Taking in songs about past loves, present love, friends here and gone, ageing, and anxiety, the atmosphere is surprisingly hopeful, with the orchestra, featuring Peter Morén (Peter, Bjorn & John) and Cecilia Österholm, adding an improvisational flair that adds depth and richness to the eight compositions.
From the lovely textures on Ella Mary Leather, to the light-as-a-feather To Soothe Her Wee Bit Sorrows – Yorkston’s scratchy, yet delicate vocal flits around, settling on the perch of an elegant violin here, and strum of radiant guitar there.
Choices, like Wide Rivers, resembles an old folk song, washing through a Beatles-meets-gospel influence, amid a pleasing choral element.

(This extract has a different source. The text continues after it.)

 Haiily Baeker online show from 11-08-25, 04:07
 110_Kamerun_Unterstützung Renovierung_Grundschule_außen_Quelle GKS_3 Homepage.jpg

Struggle sounds anything but – a love song to Yorkston’s children about it being okay not to be okay, with harmonies conveying a tender comfort.
That sense of comfort amid emotional carnage is a fault line throughout the record, from There is No Upside and its rueful lyric “St Patrick came between us” to the immersive highlight Droplet Forms – with its compelling piano melody, and a creeping echo of Radiohead’s How to Disappear Completely, it transports.